## COLLECTED MATERIAL
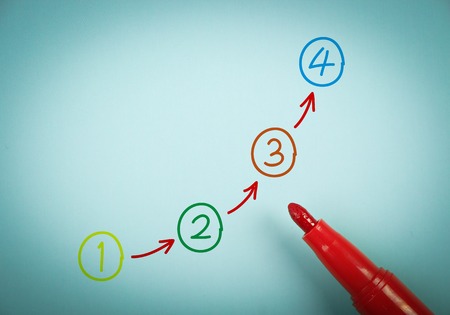 Step by step concept is on blue paper with a red marker aside.の写真素材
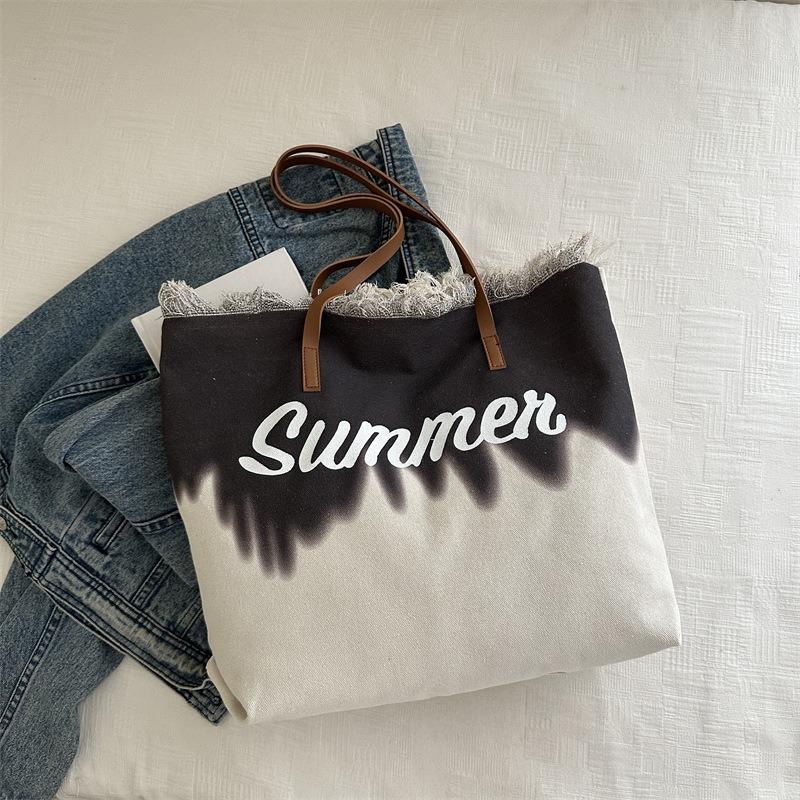 Large Capacity Fringed Bag Beach Bag Women's Shoulder Tote Bag Casual Lazy Wind Contrasting Color Handbag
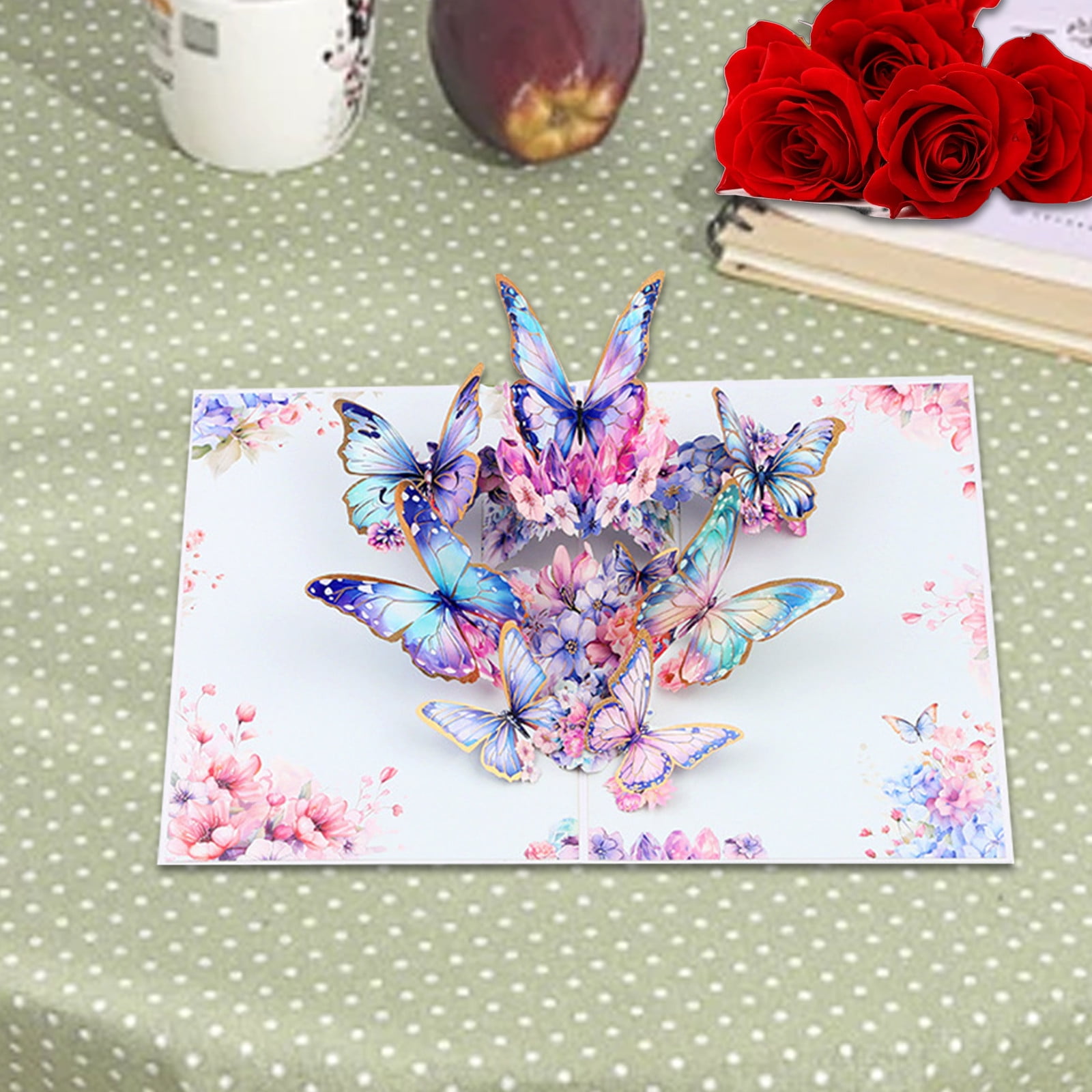 Butterflies in Nature Pop Up Card - 3D Butterfly Card for Wife ...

## TASK ITEM
Set down all of the material above exactly as written, leaving the pictures out.

## REPLY TO THE EXERCISE
 Step by step concept is on blue paper with a red marker aside.の写真素材
 Large Capacity Fringed Bag Beach Bag Women's Shoulder Tote Bag Casual Lazy Wind Contrasting Color Handbag
 Butterflies in Nature Pop Up Card - 3D Butterfly Card for Wife ...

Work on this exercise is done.